• [Recorded data]:
------------------------
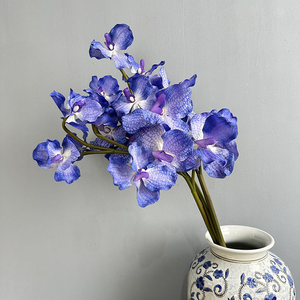 7 têtes Tactile <span class=keywords><strong>Vanda</strong></span> <span class=keywords><strong>Orchidée</strong></span> Fleurs Artificielles Haute Qualité Texture D'humidité Réaliste pour La Décoration Intérieure Mariage Halloween - Product Image 2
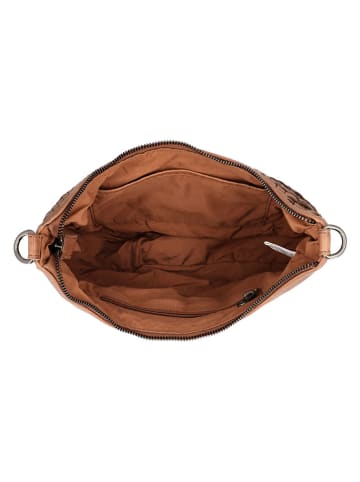 HIDE & STITCHES Leren schoudertas lichtbruin - (B)28 x (H)16 x (D)6 cm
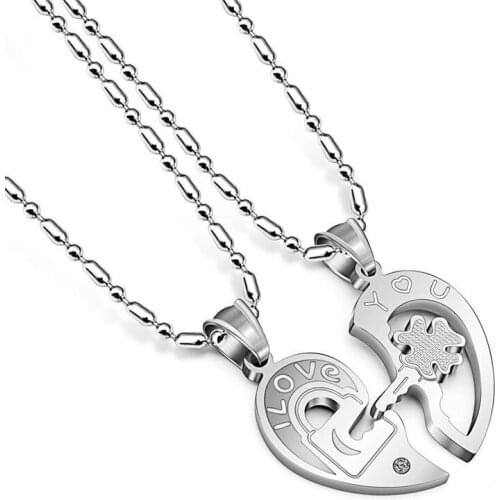 Two Colors Stainless Steel Love Heart CZ Puzzle Matching Chain Mens Womens Couple Necklace Pendant Lovers Jewelry Valentine Gift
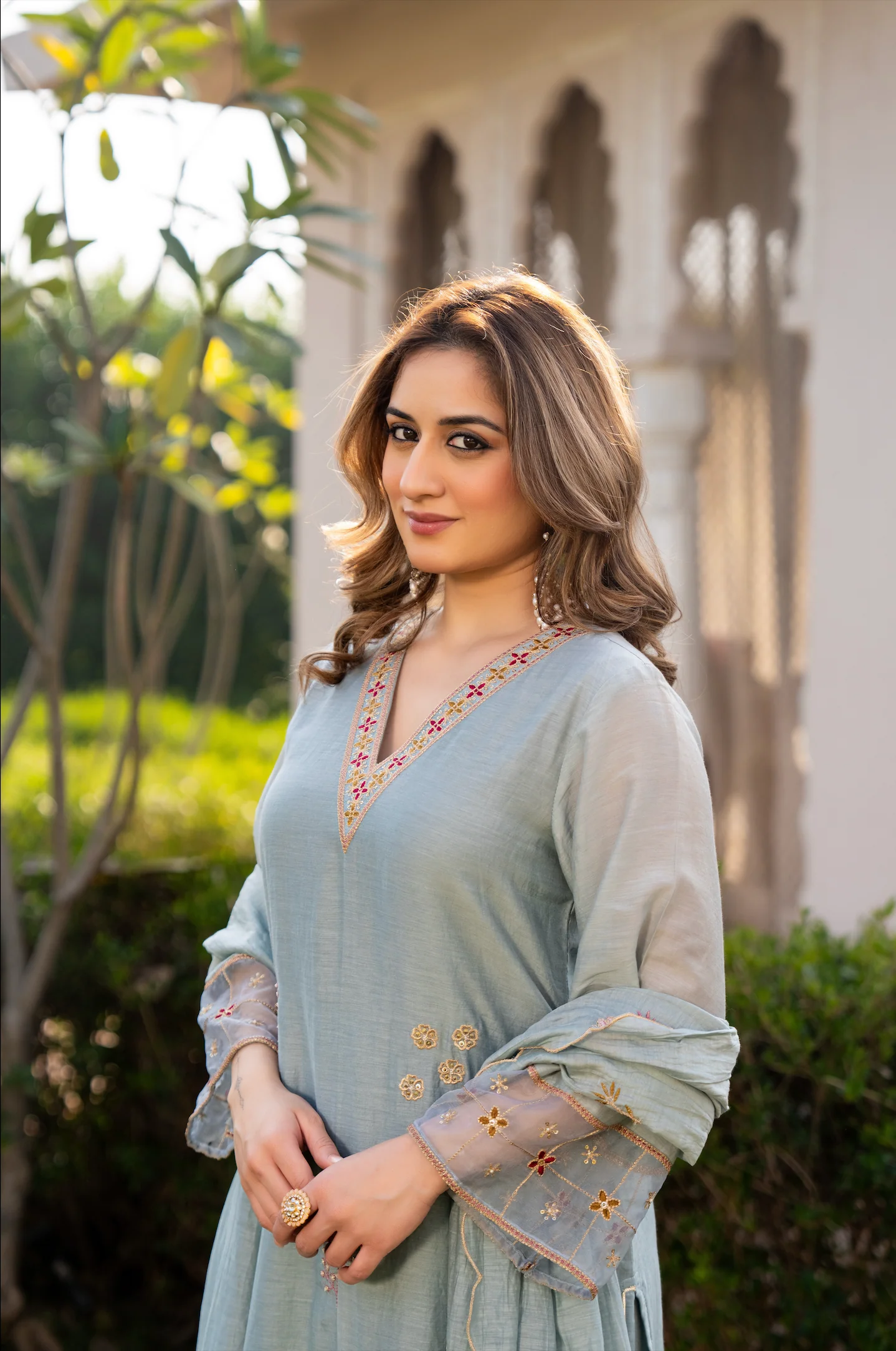 Sky Mist Chanderi Ensemble Suit Set - Image 5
------------------------
• [Task directions]: With the images removed, reproduce all the material above word for word.

• [The completed task]:
 7 têtes Tactile <span class=keywords><strong>Vanda</strong></span> <span class=keywords><strong>Orchidée</strong></span> Fleurs Artificielles Haute Qualité Texture D'humidité Réaliste pour La Décoration Intérieure Mariage Halloween - Product Image 2
 HIDE & STITCHES Leren schoudertas lichtbruin - (B)28 x (H)16 x (D)6 cm
 Two Colors Stainless Steel Love Heart CZ Puzzle Matching Chain Mens Womens Couple Necklace Pendant Lovers Jewelry Valentine Gift
 Sky Mist Chanderi Ensemble Suit Set - Image 5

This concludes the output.